» Prompt: Exactly the lines from the one containing "Gabriel, CA 91776" through the end of the data, and nothing more, should be retyped; pictures stay out.
Segment Start: Supplied entries
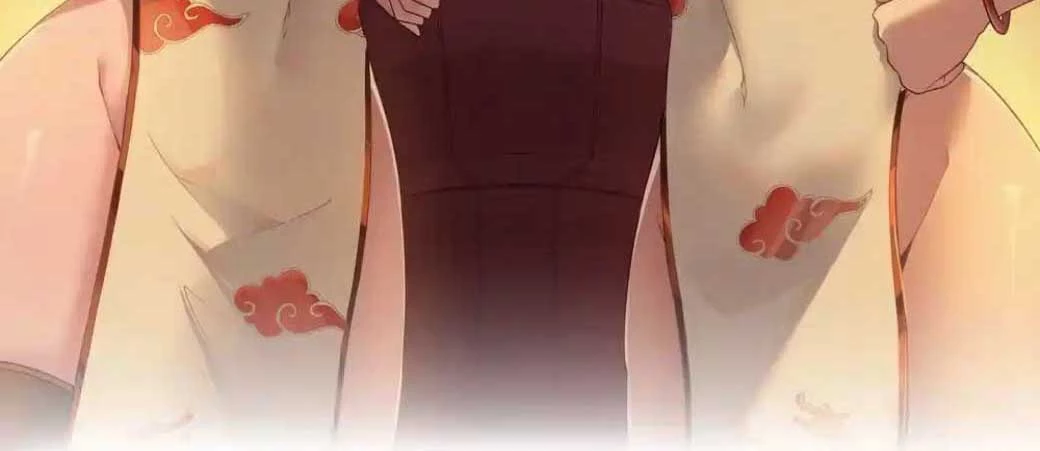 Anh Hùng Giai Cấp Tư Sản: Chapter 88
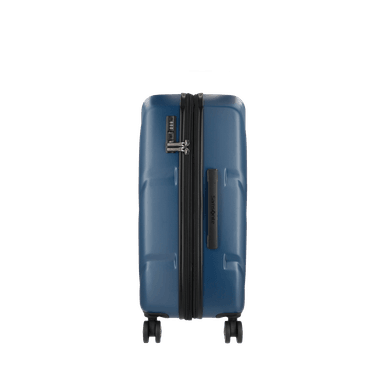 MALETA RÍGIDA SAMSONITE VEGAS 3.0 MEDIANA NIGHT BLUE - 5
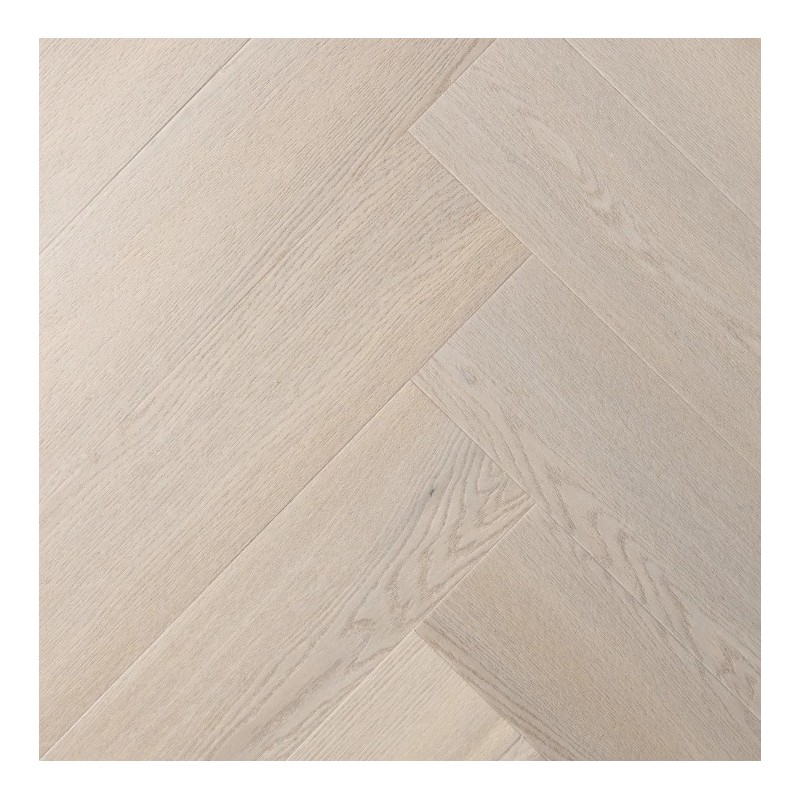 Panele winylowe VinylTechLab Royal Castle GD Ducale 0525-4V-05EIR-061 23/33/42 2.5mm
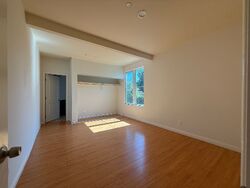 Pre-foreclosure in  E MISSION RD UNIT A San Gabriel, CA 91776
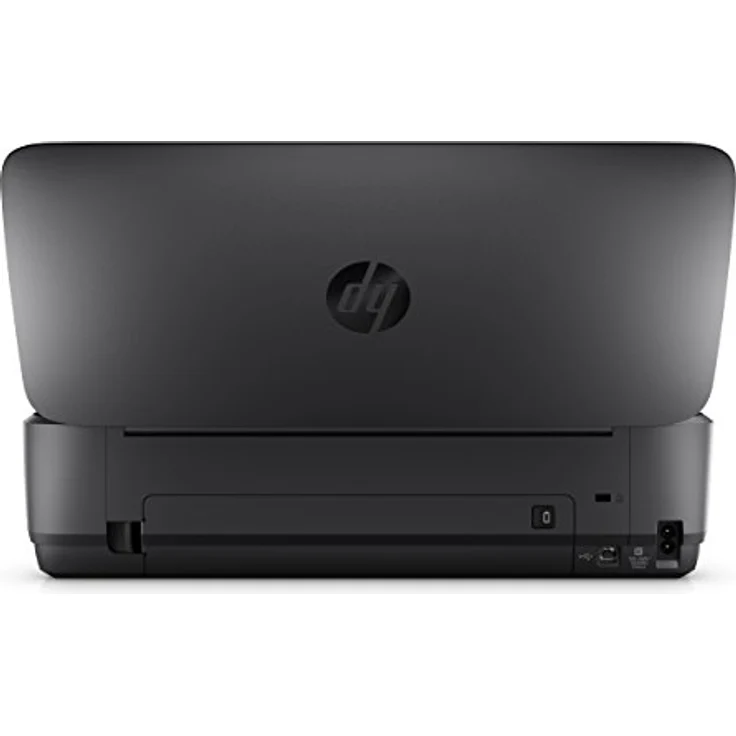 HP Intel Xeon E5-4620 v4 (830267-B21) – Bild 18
Segment End: Supplied entries
» Exercise answer:
 Pre-foreclosure in  E MISSION RD UNIT A San Gabriel, CA 91776
 HP Intel Xeon E5-4620 v4 (830267-B21) – Bild 18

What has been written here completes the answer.